» Data shown

++++++++++++++++++++

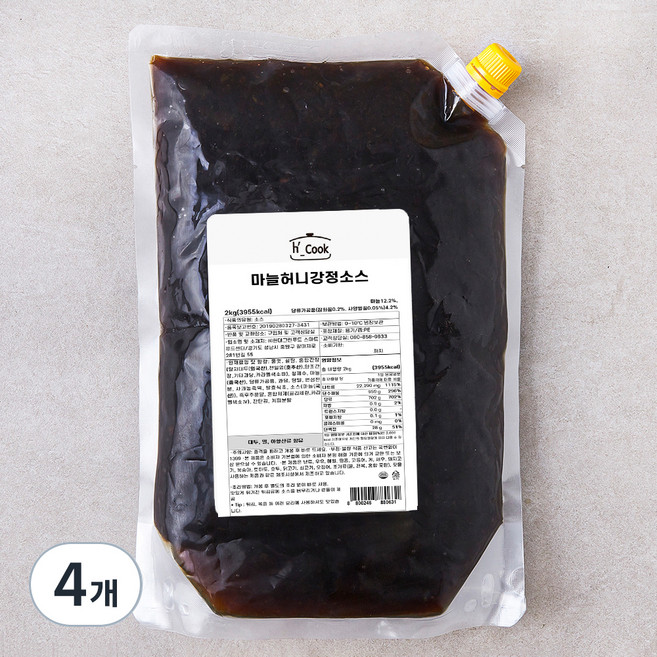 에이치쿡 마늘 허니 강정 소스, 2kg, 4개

++++++++++++++++++++

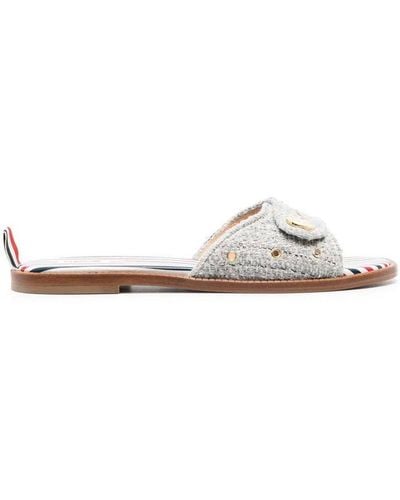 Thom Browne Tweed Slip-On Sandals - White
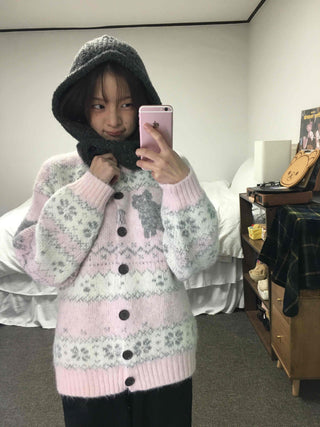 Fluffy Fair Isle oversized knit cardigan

++++++++++++++++++++

» Exercise objective
Taking the records above, print only and exactly the lines from the line with "Thom Browne Tweed Slip-On Sandals - White" to the line with "Fluffy Fair Isle oversized knit cardigan", both kept, and exclude pictures.

» Answer section
 Thom Browne Tweed Slip-On Sandals - White
 Fluffy Fair Isle oversized knit cardigan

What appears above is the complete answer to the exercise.